45 Guy grimaced, but it was a theatrical grimace. These two play out variations of the same vaudeville routine every time 45 Guy drops in. Robin and I returned to the album cover book and 45 Guy flipped through the box of records. “Drift Away,” he said.
“What about it?” Robin said.
“Who did it?” 45 Guy asked.
“Dobie Gray,” I said. “Too easy.”
“What was Dobie Gray’s other hit?” 45 Guy said.
“He had another hit?” Robin asked.
“I’m pretty sure he did, I just can’t remember it,” I said. “Didn’t he do a cover of ‘Patches’?”

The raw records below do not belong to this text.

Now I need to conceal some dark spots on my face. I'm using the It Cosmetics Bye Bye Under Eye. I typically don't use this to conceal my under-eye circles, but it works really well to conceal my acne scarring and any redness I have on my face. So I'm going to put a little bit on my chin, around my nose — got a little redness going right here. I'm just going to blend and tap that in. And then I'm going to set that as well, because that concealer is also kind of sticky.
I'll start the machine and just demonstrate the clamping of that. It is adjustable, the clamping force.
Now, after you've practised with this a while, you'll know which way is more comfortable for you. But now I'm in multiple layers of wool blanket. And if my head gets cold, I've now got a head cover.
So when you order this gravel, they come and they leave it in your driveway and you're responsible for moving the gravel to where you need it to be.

“No, that was Clarence Carter.”
“Clarence Carter had a hit with it, but I still think Dobie Gray might’ve done a cover of it.”

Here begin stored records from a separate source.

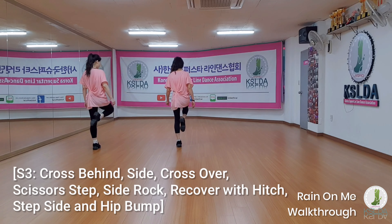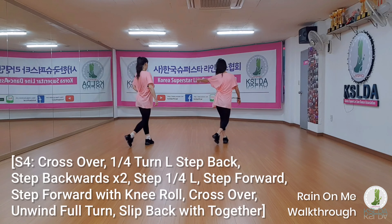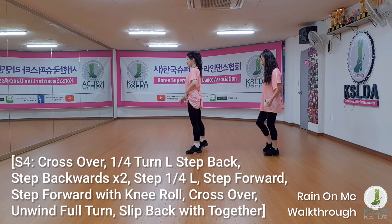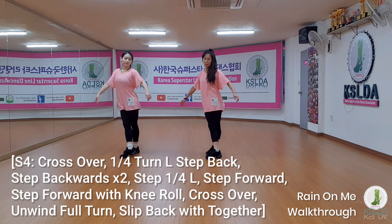Side Lock Pitch. Kick Bump 2. Carleton Cross Carleton Back Back. Back Carleton Forward. For the Step: Knee Roll, Knee Roll, Cross, Align.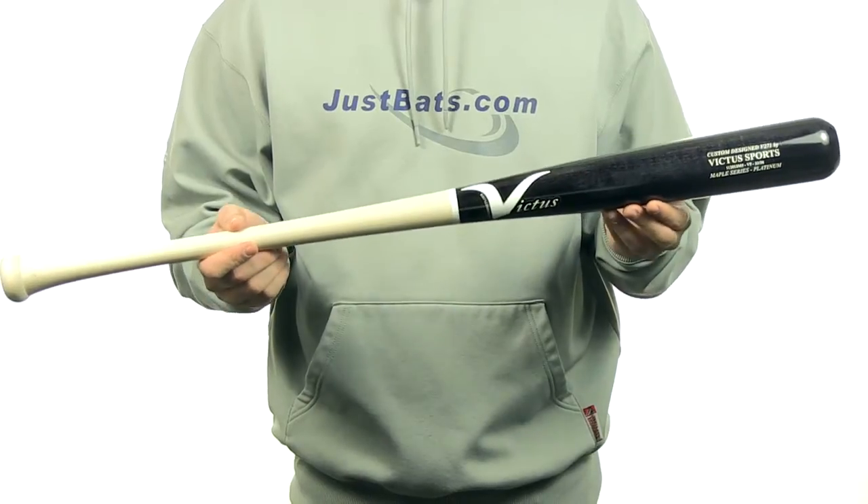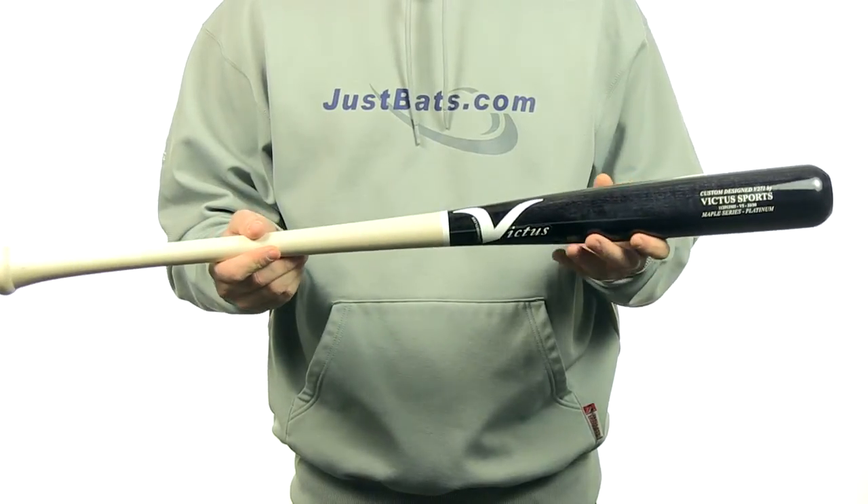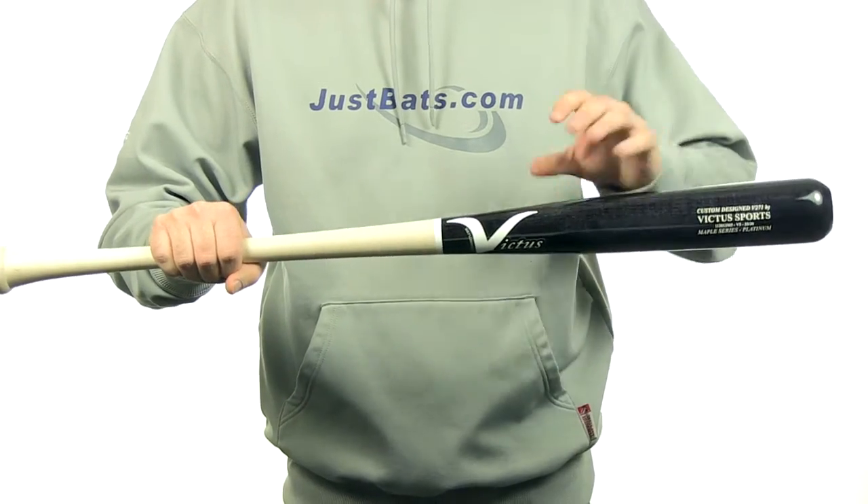Hey guys, Jake here from JustBats.com. Check out the Victus V271 custom pro maple wood baseball bat. The V271 is handcrafted right here in the USA. It has a really nice natural handle with a black barrel finish.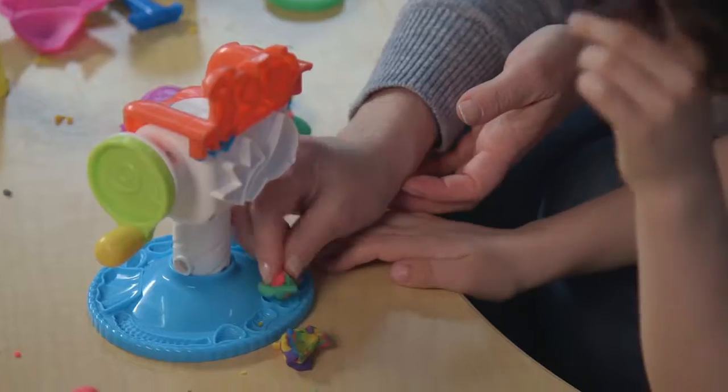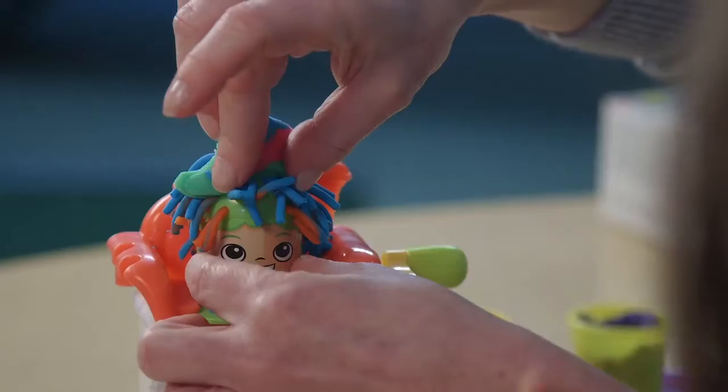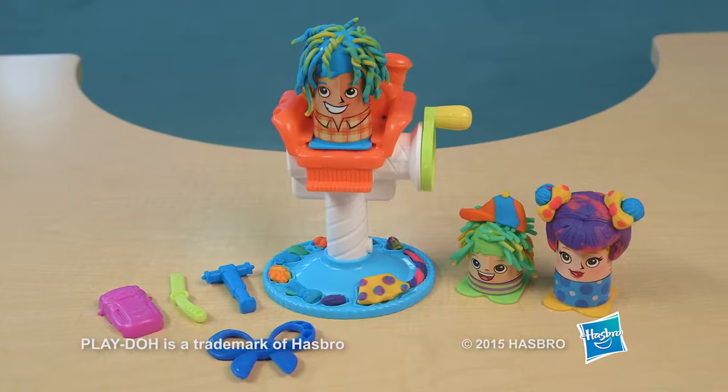Use the styling chair to make bows or curls, even mustaches, or mix it up for a unique style. How many Play-Doh do's can you come up with? Try them all with the Play-Doh Crazy Cuts playset.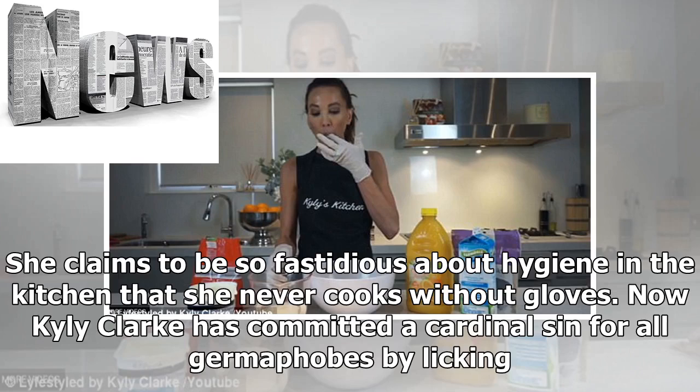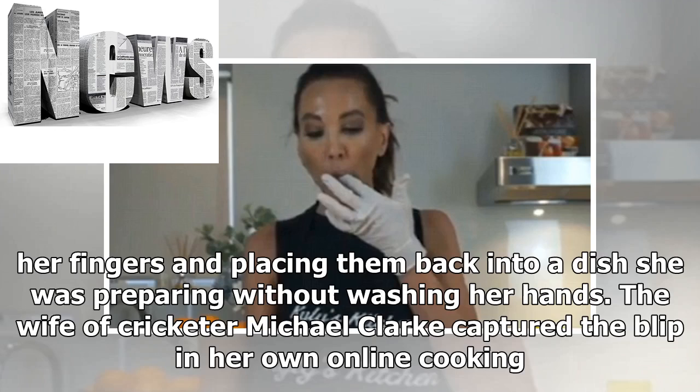She claims to be so fastidious about hygiene in the kitchen that she never cooks without gloves. Now Kylie Clark has committed a cardinal sin for all germaphobes by licking her fingers and placing them back into a dish she was preparing without washing her hands. The wife of cricketer Michael Clark captured the blip in her own online cooking show.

“I don’t know, maybe,” Robin said.
“You got us, 45 Guy. What was Dobie’s other hit?” I asked.
“I don’t know,” he said. “You’re the smart guys.”
This is everything that I love about record stores, by the way: weird characters, obscure trivia, time wasted talking about nothing. The answers were as close as the smartphone in my pocket, but that would have taken the fun out of the thing. I could just stay home and buy records online, after all. I can Google any answer, too. What I can’t do is hang out. Imagine Floyd’s barber shop if Andy, Goober, and Barney stayed home–or if they just sat around staring at their stupid phones.
Eventually we reached an impasse, though. None of us could name another Dobie Gray hit, but we are all sure that he had a few. “Look it up,” Robin said.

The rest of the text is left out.